Whether the federal govrnment is spending general revenues wisely or not, is irrelevant to the whole SS-fund-as-bonds argument.
the analogy I like is, “is the federal government borrowing money to buy a house (investment) or borrowing moeny to buy groceries?” Building roads, bridges, air traffic control systems, subways in big cities - all these add value to the economy that has very long term value, long after the money is spent. Financing education? you are straying into debate territory, simple answer is it depends. Borrowing to pay welfare? Recipe for disaster.
Sorry if this is straying into GD territory, but the probelm is this - it is a good idea for the government to deficit-spend during bad times to prop up the economy, but this Keynseyan doctrine has been re-interpreted by politicos that they have a license to spend, and the occasional surplus (like Bill Clinton’s) seem to be more an accident of good times than government policy.
As the saying goes, “if things can’t keep going on like this… they won’t”.

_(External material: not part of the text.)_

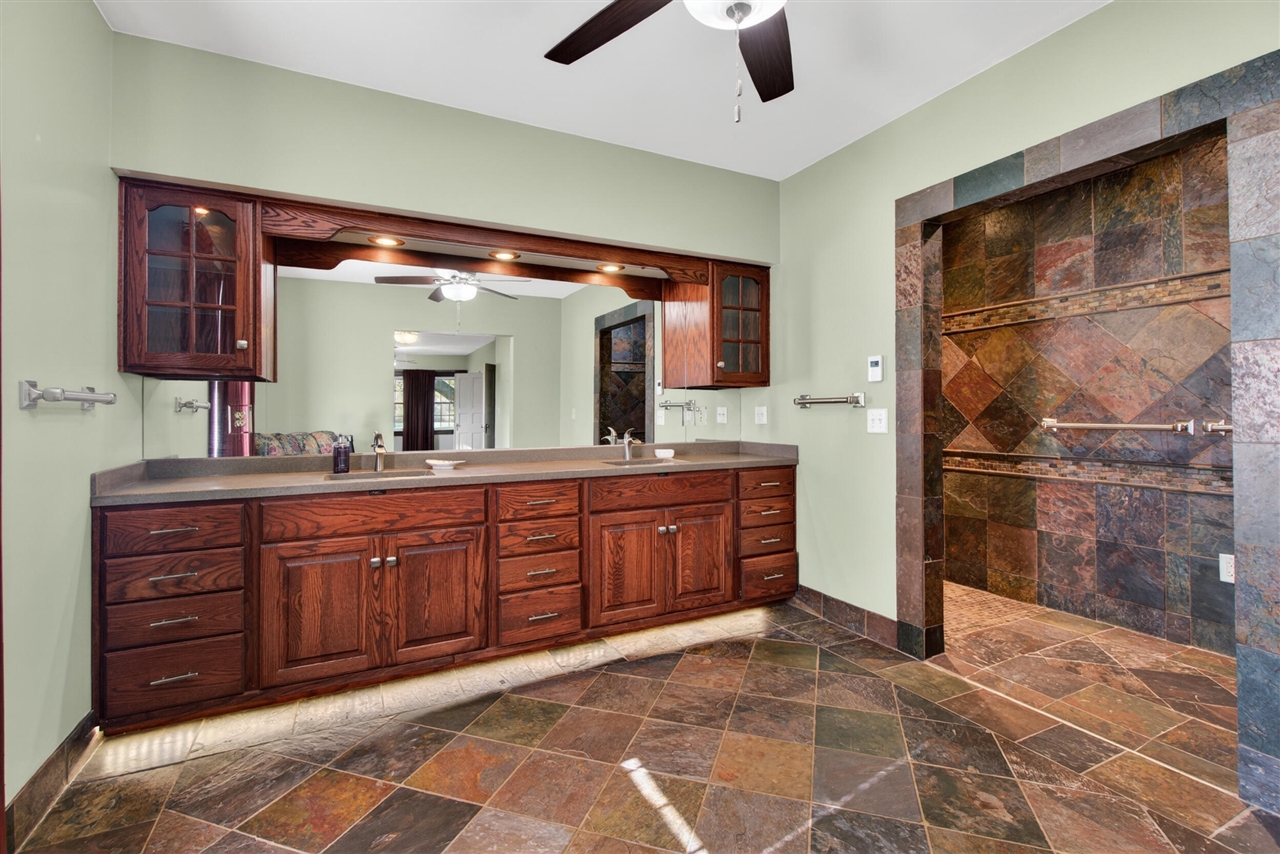 6231 Moon Lake Road, Jackson, MI, 49201-8578
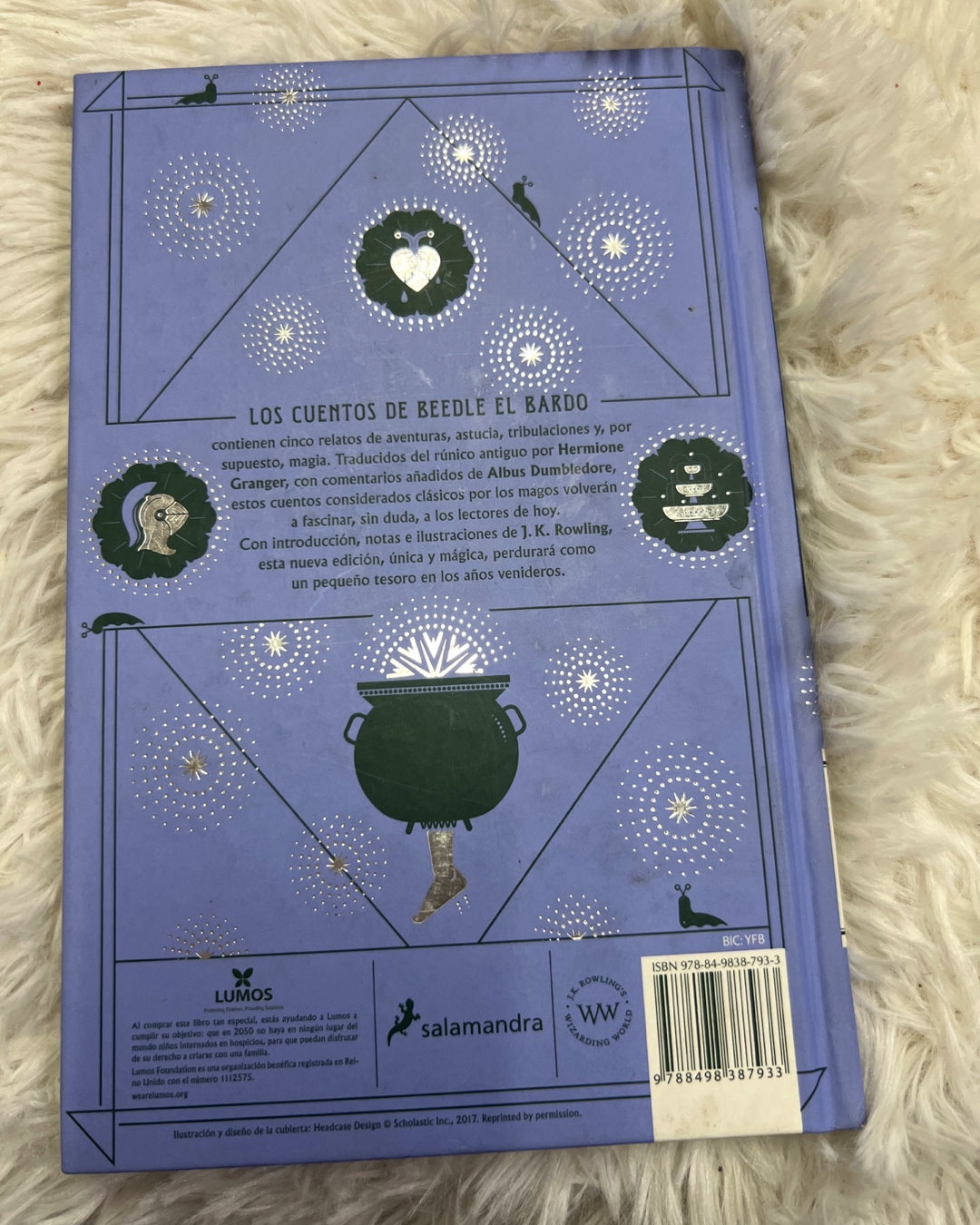 Libro edición tapa dura-Los cuentos de beedle el bardo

So the current arrangement is a simple one - the SS fund is a separate entity/pocket/account/whatever. As long as the government reliably pays back its loans, those bonds are good and SS has nothing to worry about except demographics.
however, the feds are quick to add spending and slow to stop it. SS has become as much a welfare payout for the poor and disabled as it is a real pension plan and politicians with a 4-year time frame (or 2 years) are happy to buy votes and let someone else deal with the consequences 10 years later.
but the problem is a different one - SS is the least of the problems, since all the money the government borrows goes into other spending. The SS fund is just the enabler, making it far easier for the government to borrow.
over time 2 things will happen:
-the pool of easy funds will stop being avilable as demographics change.
-the government will either have to spend responsibly, or use inflation to reduce the cost of past debt.
the chance that the government changes the rules is always there. Reducing payouts is politically difficult but can be done; I’m sure with the right incentives, the states will agree to a constitutional change too (we’ll give you the right to cancel your debt…).
(The first step to reducing debt is clawback from people making progressively lesser decent incomes. Once the SS payout is irrelevant to the middle class, they don’t care what the government does with it.)
however, all that is irrelevant to the discussion at hand.
the simple answer is this:
-if you account for the Social Security fund as a separate entity, then the bonds are meaningful.
-if you are talking “total for all govenrment spending” then the bond as asset and liability cancel each other out, yes.
-government spending outside SS is counted as a separate entity - and that entity would have the same issues whether they borrowed from the SS fund or the Chinese. The difference is the fund is a much more friendly and easily manipulated lender if it come to the crunch.